- _YOUR GOAL_: Each entry below must be given again word for word, with no pictures.

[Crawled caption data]
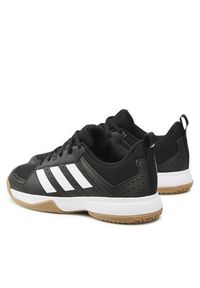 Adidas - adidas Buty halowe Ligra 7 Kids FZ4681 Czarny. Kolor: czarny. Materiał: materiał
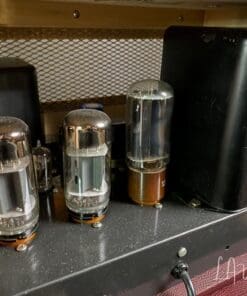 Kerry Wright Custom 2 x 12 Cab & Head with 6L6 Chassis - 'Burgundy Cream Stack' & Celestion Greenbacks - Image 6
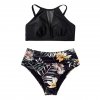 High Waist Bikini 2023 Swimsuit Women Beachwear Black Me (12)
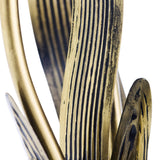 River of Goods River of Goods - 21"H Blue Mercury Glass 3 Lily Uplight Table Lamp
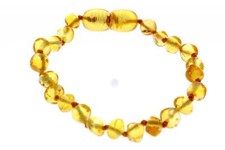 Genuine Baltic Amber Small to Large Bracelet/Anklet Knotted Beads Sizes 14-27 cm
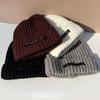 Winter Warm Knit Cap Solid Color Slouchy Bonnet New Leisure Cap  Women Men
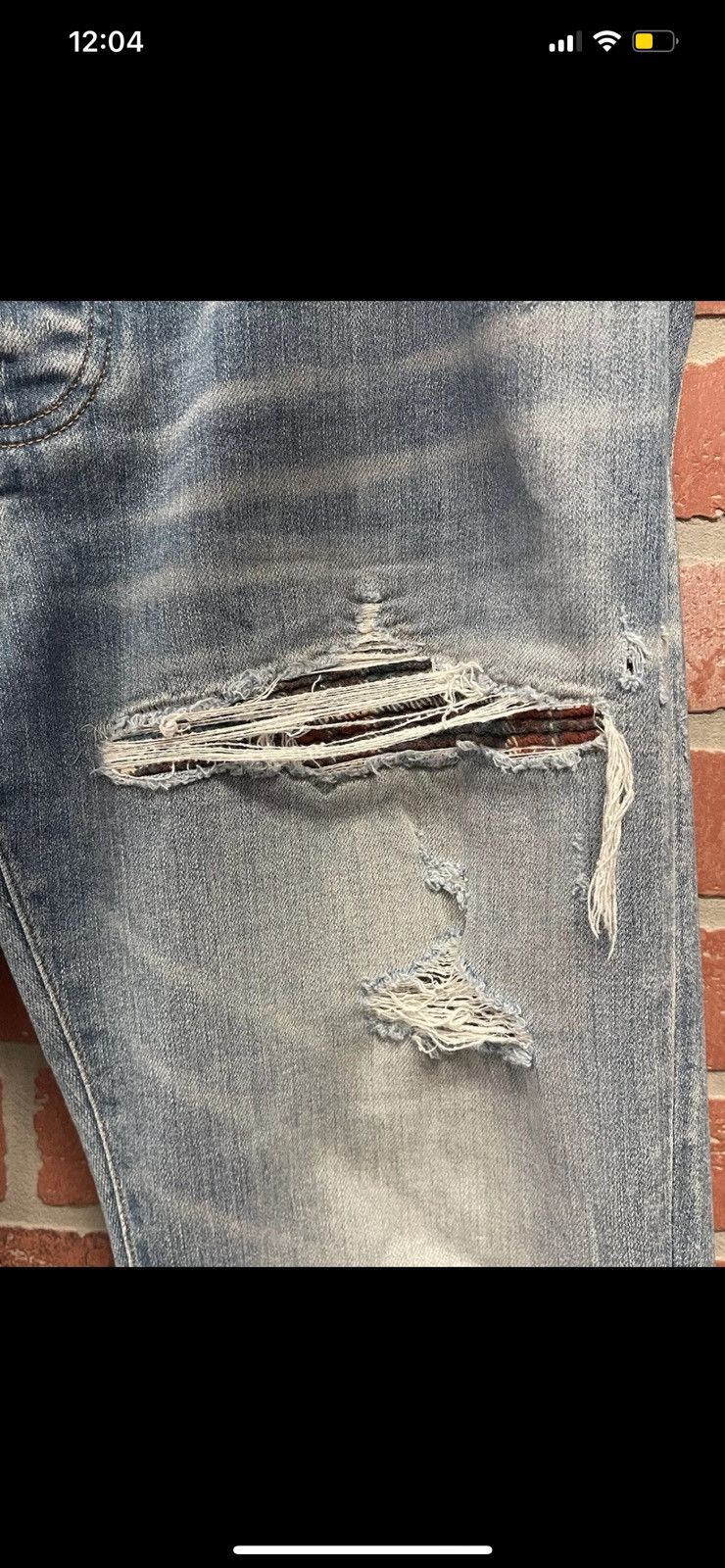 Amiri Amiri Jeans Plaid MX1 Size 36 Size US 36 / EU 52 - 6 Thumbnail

- _OUTPUT OF THE EXERCISE_:
 Adidas - adidas Buty halowe Ligra 7 Kids FZ4681 Czarny. Kolor: czarny. Materiał: materiał
 Kerry Wright Custom 2 x 12 Cab & Head with 6L6 Chassis - 'Burgundy Cream Stack' & Celestion Greenbacks - Image 6
 High Waist Bikini 2023 Swimsuit Women Beachwear Black Me (12)
 River of Goods River of Goods - 21"H Blue Mercury Glass 3 Lily Uplight Table Lamp
 Genuine Baltic Amber Small to Large Bracelet/Anklet Knotted Beads Sizes 14-27 cm
 Winter Warm Knit Cap Solid Color Slouchy Bonnet New Leisure Cap  Women Men
 Amiri Amiri Jeans Plaid MX1 Size 36 Size US 36 / EU 52 - 6 Thumbnail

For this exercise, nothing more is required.